I edited /var/lib/snapd/apparmor/profiles/snap.docker.nvidia-container-toolkit to remove these errors, but the issue still persists.

ackanir commented 2 months ago

Update I think this was fixed on the Docker Snap side, as installing the current beta version fixes the issue (at least on my side):

sudo snap install docker --channel latest/beta
jocado commented 2 months ago

Hi @ackanir

Thanks for pointing out is works ok in the current beta revision.

I didn't realise that the docker snap revision 2932 [ for amd64 arch ] was not in stable yet.
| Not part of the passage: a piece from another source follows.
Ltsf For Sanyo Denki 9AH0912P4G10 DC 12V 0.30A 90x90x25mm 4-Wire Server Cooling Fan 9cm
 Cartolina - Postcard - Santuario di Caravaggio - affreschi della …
It fixes a few issues with the initial implementation of the nvidia support, and also adds nvidia support for classic systems.

I've asked about promoting it here

I think we should close this issue, as it's really about the docker snap.

jocado commented 1 month ago

FYI - revision 2932 is now in stable.

I suggest closing this, and opening a new issue in the docker-snap repo if you believe you have a docker related issue.